> **Exercise prompt**
In this exercise, print only the lines of the records below from the one with "HW 16英寸 X 14英寸 白色双层餐巾 - 2000张/箱" through the one with "Landkarte Mainburg (VGem)", inclusive. Pictures are not part of the copy.

----- Supplied data

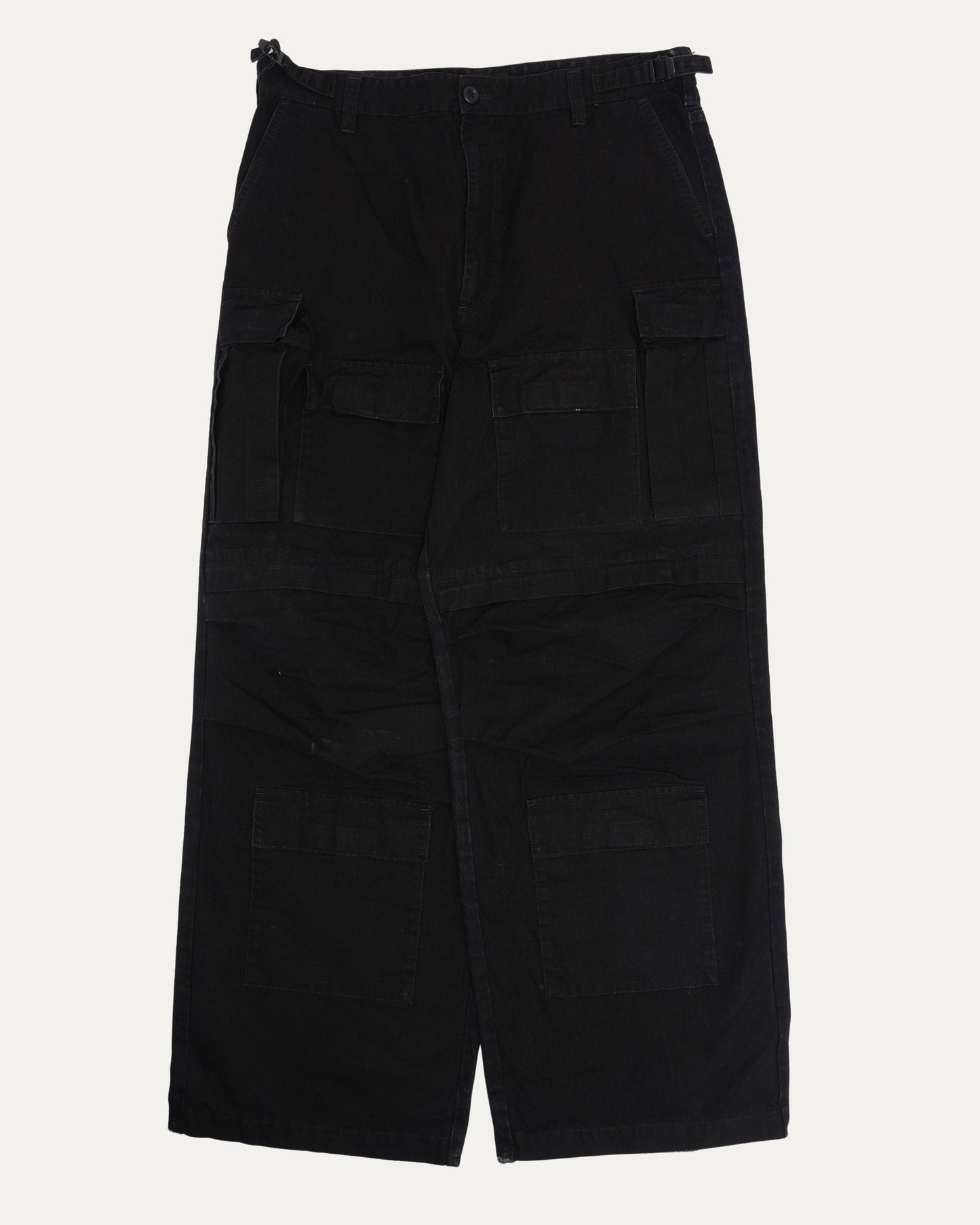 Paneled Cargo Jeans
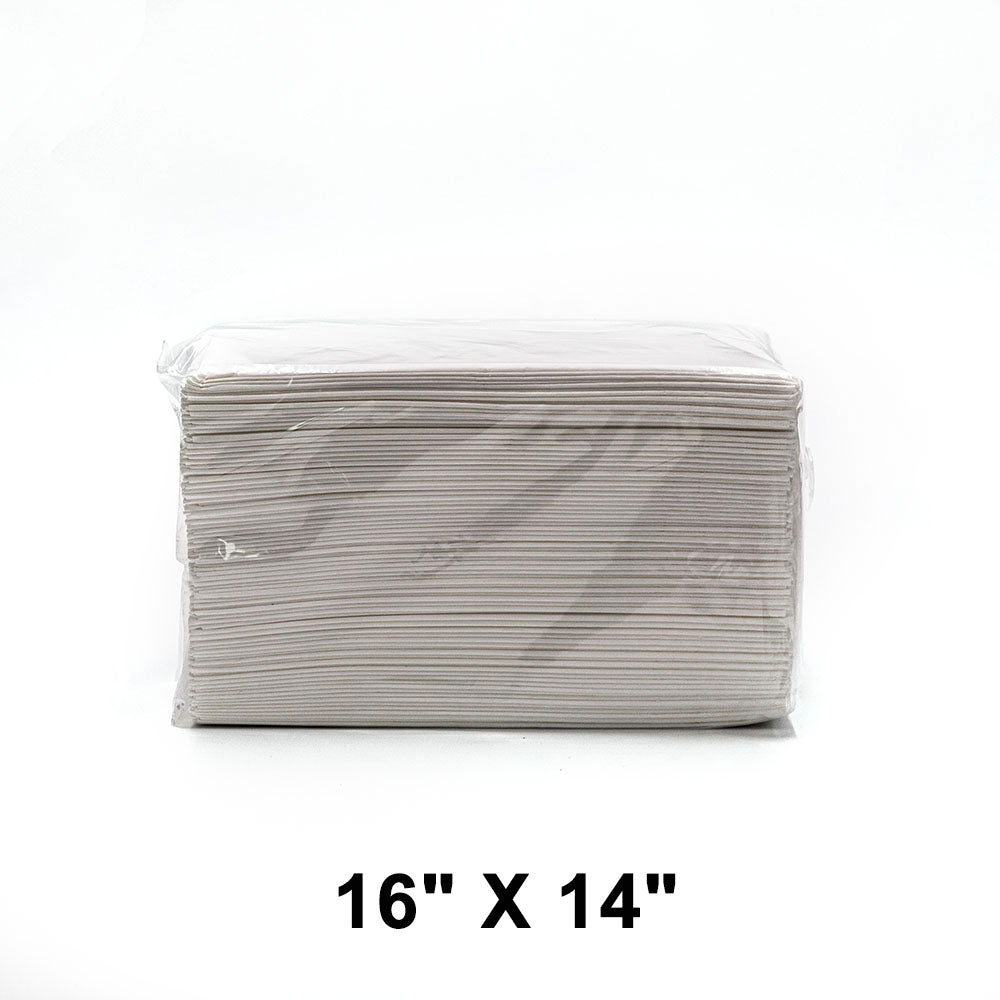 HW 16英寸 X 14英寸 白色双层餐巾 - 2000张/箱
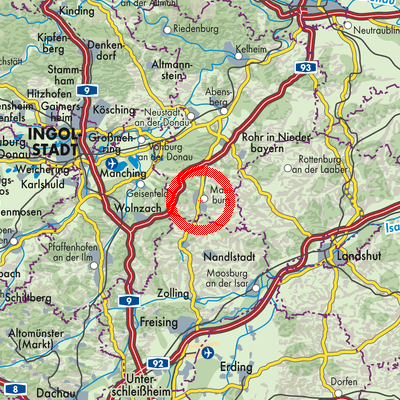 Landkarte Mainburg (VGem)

----------
----- Supplied data

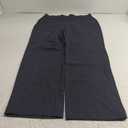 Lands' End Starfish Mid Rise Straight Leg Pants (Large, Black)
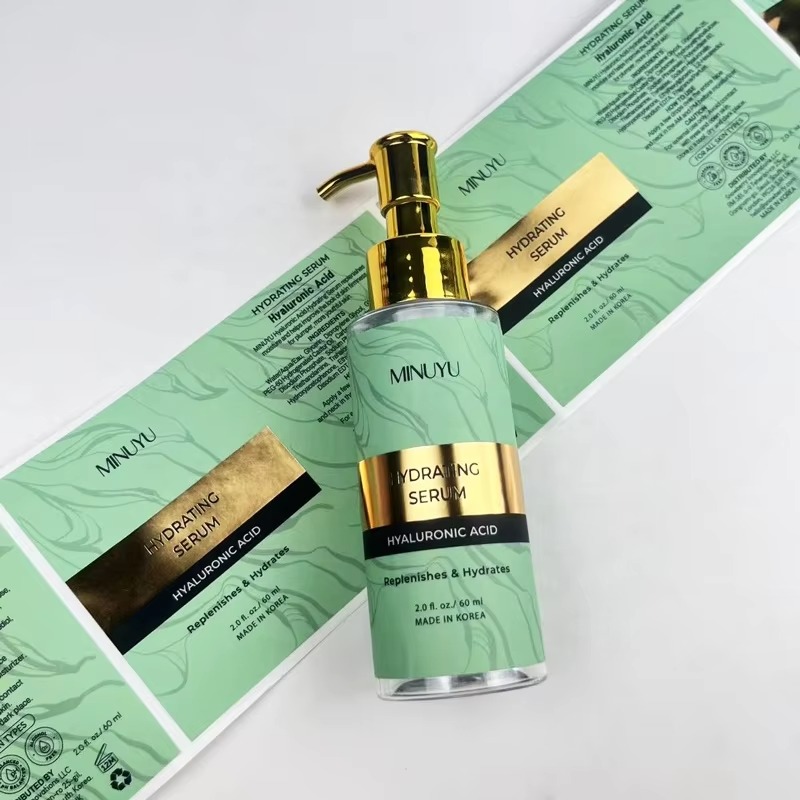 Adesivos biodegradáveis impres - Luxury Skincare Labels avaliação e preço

----------
----- Supplied data

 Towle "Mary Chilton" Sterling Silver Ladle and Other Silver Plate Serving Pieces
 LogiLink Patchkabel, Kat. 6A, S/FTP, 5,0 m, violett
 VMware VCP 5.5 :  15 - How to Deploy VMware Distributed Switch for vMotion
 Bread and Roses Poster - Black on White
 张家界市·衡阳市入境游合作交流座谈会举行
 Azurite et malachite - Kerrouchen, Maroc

----------

> **Answer to the exercise**
 HW 16英寸 X 14英寸 白色双层餐巾 - 2000张/箱
 Landkarte Mainburg (VGem)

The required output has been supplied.